I want to implement redundancy in my GitLab runners.
Before creating a new server I am trying with my local machine.
The current setup on my repository:
I want GitLab to chose the other runner when the selected is not working.
The thing is that GitLab is selecting the non-working runner and fail the pipeline without trying to run with the other runner.
How can I make this works?
Both runner are added:
But as the local runner (not working) is chosen, the pipeline fails:
This is an interesting edge case since the runner process itself is still healthy, but something while running a job is failing.
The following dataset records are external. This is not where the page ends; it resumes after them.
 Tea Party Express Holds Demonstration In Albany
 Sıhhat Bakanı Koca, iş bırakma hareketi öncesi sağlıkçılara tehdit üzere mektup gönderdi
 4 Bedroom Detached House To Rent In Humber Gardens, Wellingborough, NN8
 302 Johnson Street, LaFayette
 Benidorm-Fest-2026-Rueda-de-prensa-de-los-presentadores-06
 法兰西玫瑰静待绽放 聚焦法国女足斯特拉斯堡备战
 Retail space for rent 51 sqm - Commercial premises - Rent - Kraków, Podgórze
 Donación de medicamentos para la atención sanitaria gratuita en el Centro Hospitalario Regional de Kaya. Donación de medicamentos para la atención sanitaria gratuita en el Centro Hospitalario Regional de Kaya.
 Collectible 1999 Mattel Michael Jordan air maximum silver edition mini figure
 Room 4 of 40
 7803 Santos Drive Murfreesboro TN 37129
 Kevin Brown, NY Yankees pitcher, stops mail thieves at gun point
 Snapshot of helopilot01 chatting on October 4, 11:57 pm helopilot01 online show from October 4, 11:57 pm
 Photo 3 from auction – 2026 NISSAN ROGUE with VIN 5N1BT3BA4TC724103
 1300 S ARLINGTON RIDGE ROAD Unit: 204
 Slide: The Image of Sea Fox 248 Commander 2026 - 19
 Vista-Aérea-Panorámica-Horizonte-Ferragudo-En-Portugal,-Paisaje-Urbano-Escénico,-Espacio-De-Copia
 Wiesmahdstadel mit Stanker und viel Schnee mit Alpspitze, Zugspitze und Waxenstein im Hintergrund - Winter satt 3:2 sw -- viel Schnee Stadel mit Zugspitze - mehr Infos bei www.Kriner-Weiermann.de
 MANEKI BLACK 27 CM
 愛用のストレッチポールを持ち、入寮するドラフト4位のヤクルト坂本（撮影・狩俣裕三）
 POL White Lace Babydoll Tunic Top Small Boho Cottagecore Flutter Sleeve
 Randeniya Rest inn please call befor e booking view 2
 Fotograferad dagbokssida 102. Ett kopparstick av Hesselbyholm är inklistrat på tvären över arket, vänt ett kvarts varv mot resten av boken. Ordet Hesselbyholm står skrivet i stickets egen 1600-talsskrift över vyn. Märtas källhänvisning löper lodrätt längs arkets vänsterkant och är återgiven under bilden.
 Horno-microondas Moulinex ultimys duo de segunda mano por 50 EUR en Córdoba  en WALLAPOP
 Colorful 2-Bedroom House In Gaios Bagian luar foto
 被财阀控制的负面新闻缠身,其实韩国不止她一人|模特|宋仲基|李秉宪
The runner process won't know this happens until it retrieves a job and tries to run it, so it will keep try to run jobs, and keep failing.
Since neither the Runner process nor Gitlab can catch this edge case, the only option I can see is that when you see a failed job for this reason, pause the Runner in the project (like in your screenshot) or if you're an admin (or can ask an admin), pause it for the entire instance, assuming you're self-hosting Gitlab. This will prevent any new jobs from running on that Runner so you can troubleshoot the issue.
This will let you run multiple Runner processes on different hosts (or even on the same host by specifying separate config.toml
files) so you can still get redundancy and speed up your pipelines.
Some quick searching shows that common issues causing this issue are the runner's host running out of disk space, or a Docker issue that might be solved by updating to the latest version. Making sure Gitlab and the runners are the latest available version wouldn't hurt either.
Another option you have is to submit a new Issue with Gitlab to see if they can address it. The desired situation would be that in the event of a runner system failure, the runner should become unhealthy and not process further jobs.